A guide to the arrangement of British insects is a seminal work of entomology. A monumental piece of work with over 10,000 insect names it was intended for the author's own use, but pressure for publication grew until it appeared in 1829. Uniquely for its time, all insect orders were included. A second was published in 1837.

Six pages of introductory matter are followed by 282 columns of insect names in two columns per page systematically arranged and followed by an index to genera. This work attributed to John Curtis was in fact co-authored by James Charles Dale, Francis Walker and Alexander Henry Haliday; Haliday and Walker writing almost the whole of the sections on Diptera and parasitic Hymenoptera. The list contains 1500 generic and 15,000 specific names. Ireland and Britain are not separated.

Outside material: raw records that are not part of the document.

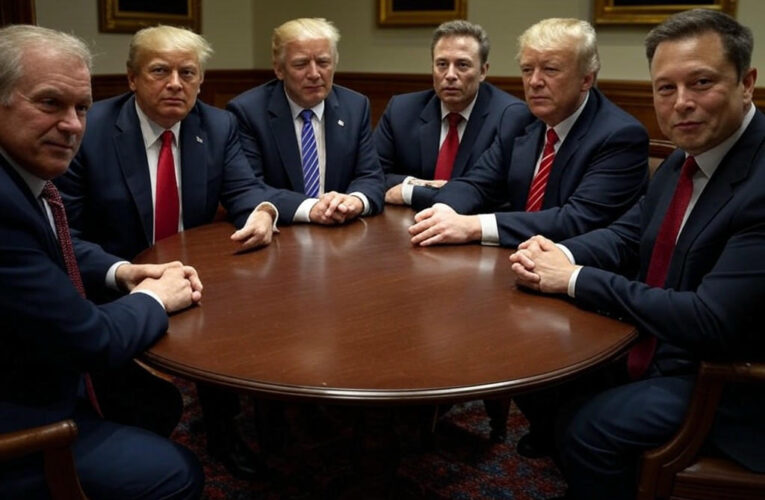 Caught in the Crossfire: Republican Lawmakers Navigate Trump-Musk Rift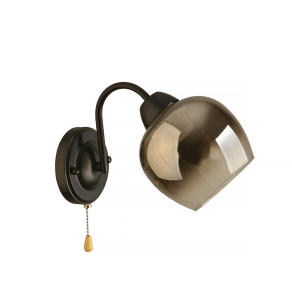   Fali lámpa húzókapcsolóval E27 foglalattal - Kano Klausen KL101044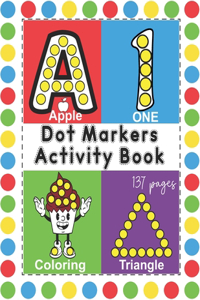 Dot Markers Activity Book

The full title is A guide to the arrangement of British insects; being a catalogue of all the named species hitherto discovered in Great Britain and Ireland. According to the preface, the Guide had five purposes for entomologists:
- 1st. It will enable them to arrange their Cabinets systematically.
- 2ndly. They may mark off their own Insects so as to know instantly whether they have a species or not, by which means their desiderata will be shown; and this the Author is persuaded will enable Students to enrich their Cabinets by mutual exchanges to an extent which could not be accomplished by any other means.
- 3rdly. It will form Labels for Cabinets.
- 4thly. It will be a systematic Index to "The British Entomology", a reference being given to every Genus already illustrated, and may be easily continued by those who are desirous of completing it.
- 5thly. It will be a Catalogue of the Author's Cabinet, those without a * being his desiderata, and of those with a ‡ he has only foreign specimens. The names in italics denote insects which are doubtful natives.

The Guide was the subject of a celebrated quarrel between James Francis Stephens and John Curtis.